*Input data*:
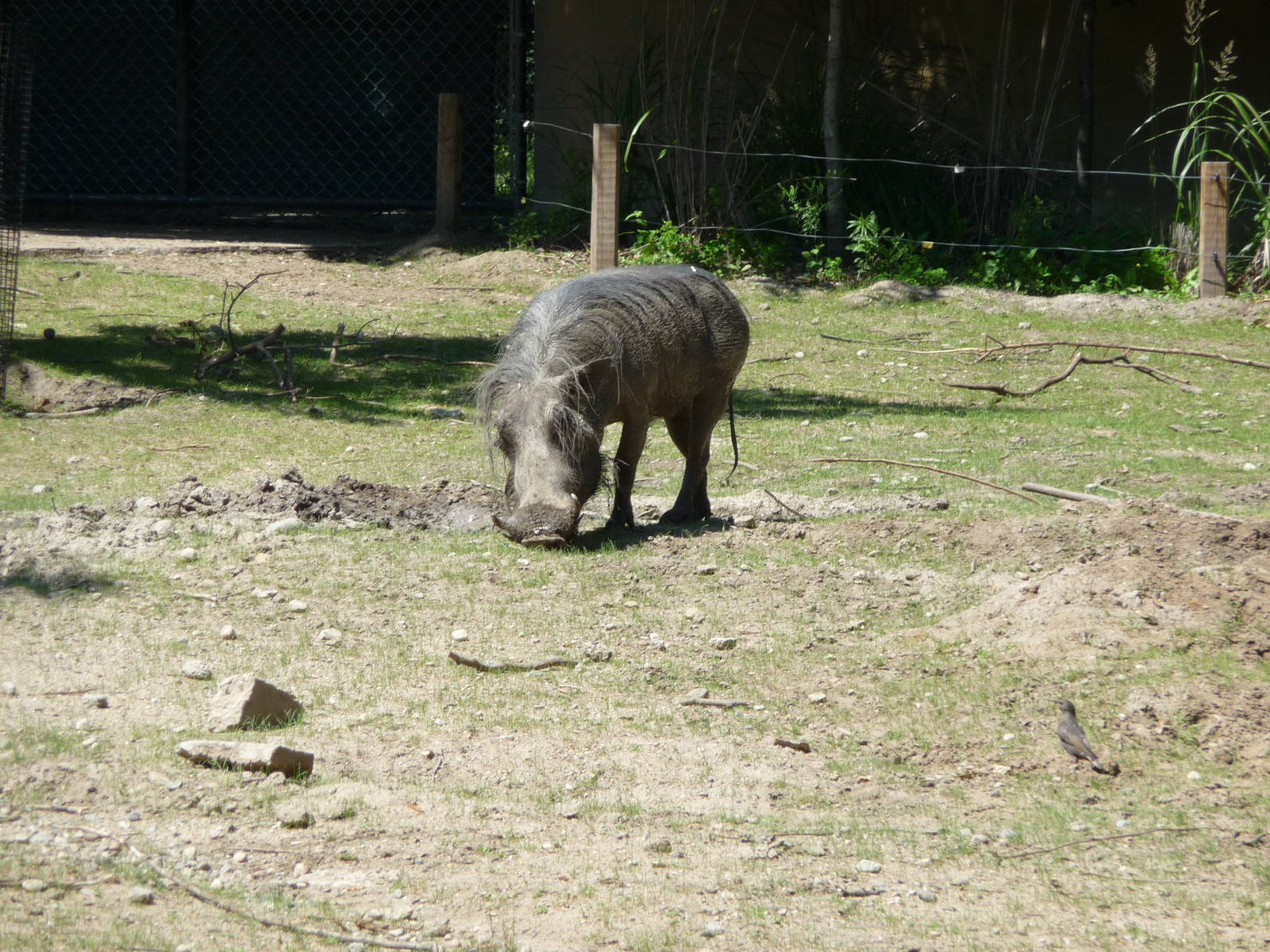 Warthog - Detroit Zoo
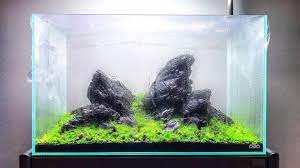 Pin On Aquascaping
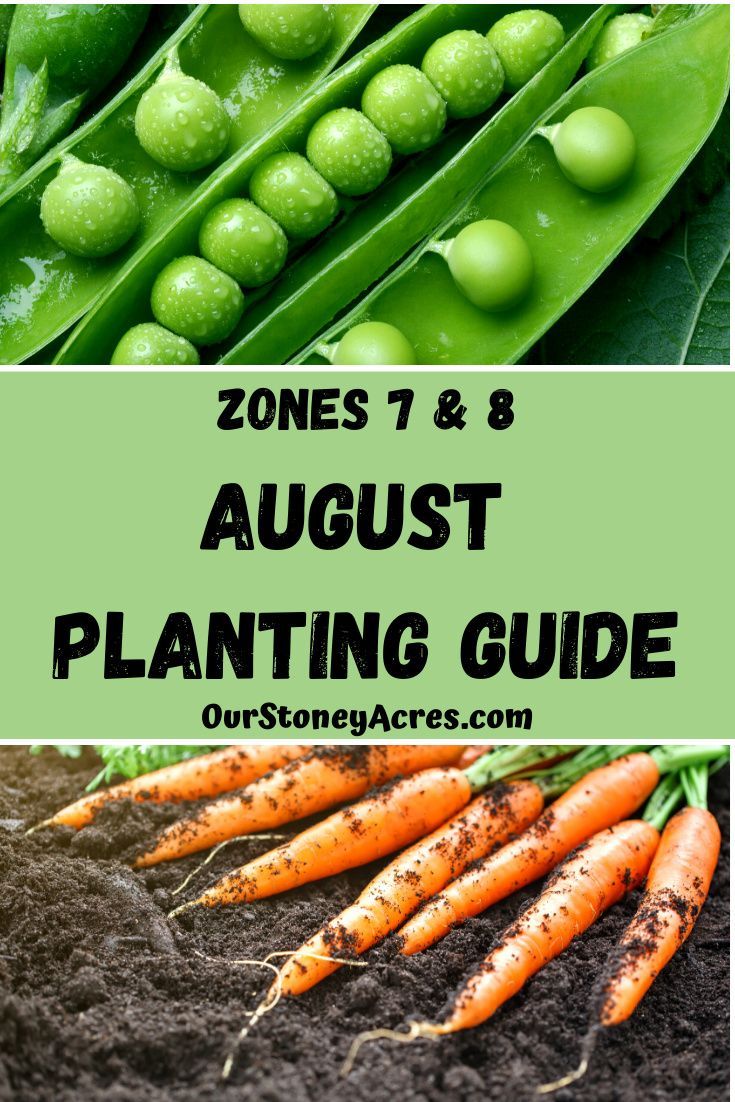 green peas and carrots with text overlay that reads zones 7 & 8 august planting guide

*Your goal*: Would it be possible to copy the material exactly, excluding the images?

*Solution*:
 Warthog - Detroit Zoo
 Pin On Aquascaping
 green peas and carrots with text overlay that reads zones 7 & 8 august planting guide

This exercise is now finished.